Requirement.
Begin your copy at the line that holds "(@0100111001111c) 's Twitter Profile" and carry it through the final line of the data, writing out each line exactly and omitting pictures.

Source data START

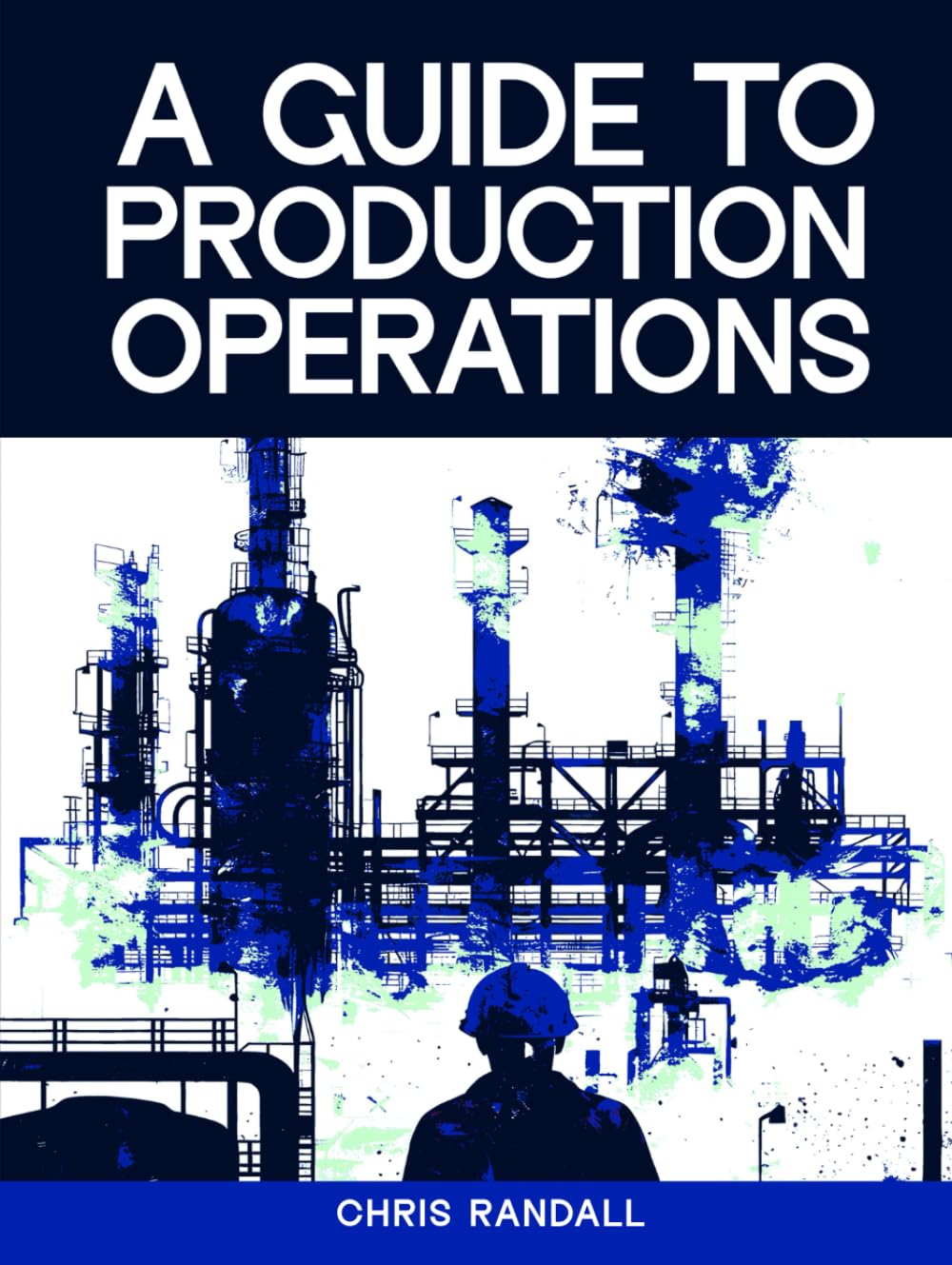 A Guide to Production Operations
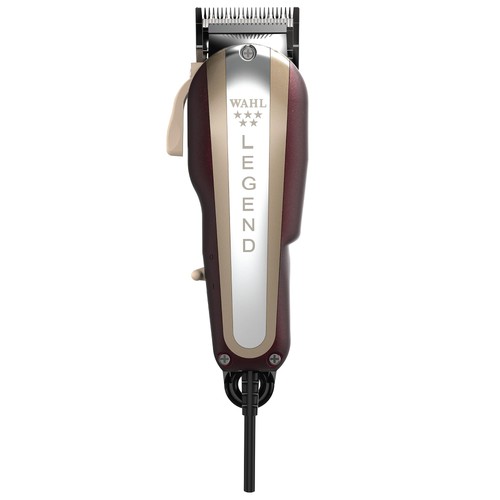 Wahl hair clipper - wahl, 5*mih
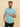 Basil Shirt - Ratna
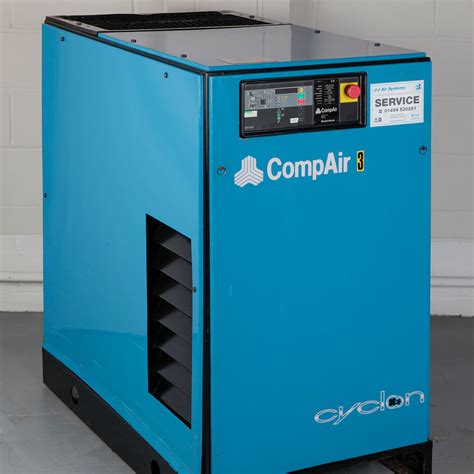 Manual for compair cyclon 218 compressor. - Gdo6v2 slim drive easy roller manual.
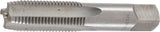 TAP | FOR BGS 126 | M13 X 1.5 (126-BM13)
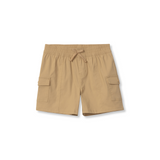 #color_british khaki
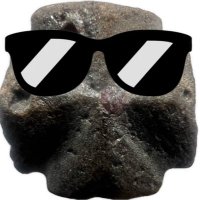 👁️👂 (@0100111001111c) 's Twitter Profile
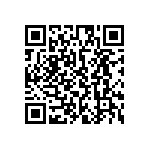 C0603C682K3GECAUTO QRCode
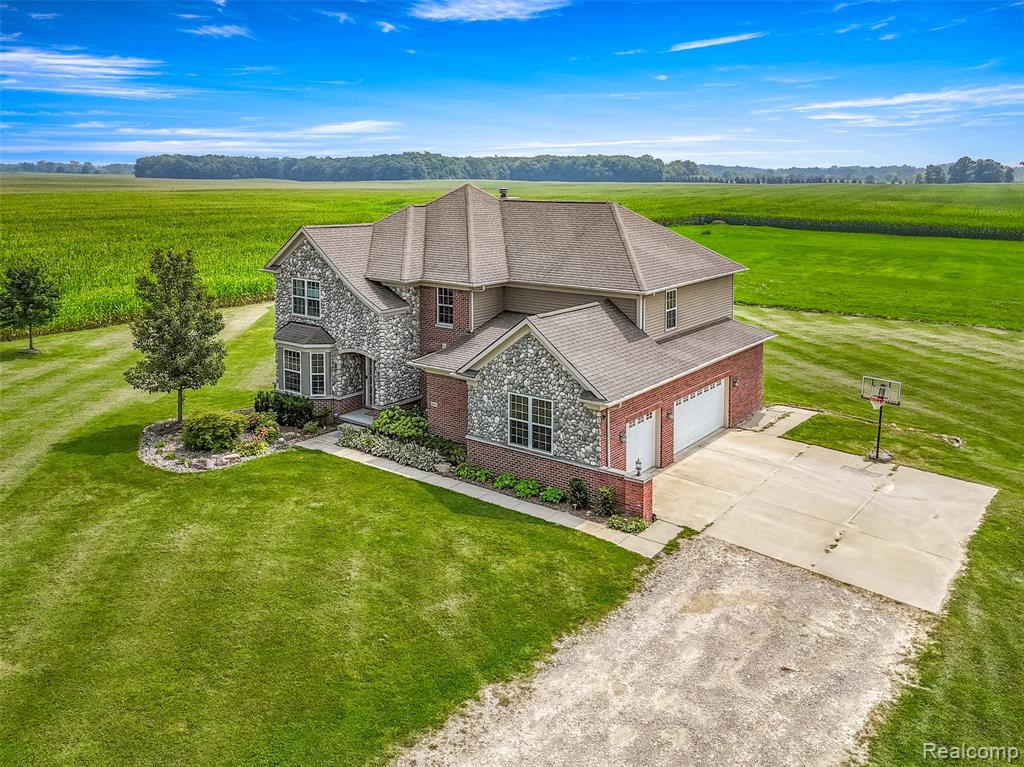 4080 Five Mile Road, Ann Arbor, MI 48105 — Photo 5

Source data END

Answer to this exercise.
 👁️👂 (@0100111001111c) 's Twitter Profile
 C0603C682K3GECAUTO QRCode
 4080 Five Mile Road, Ann Arbor, MI 48105 — Photo 5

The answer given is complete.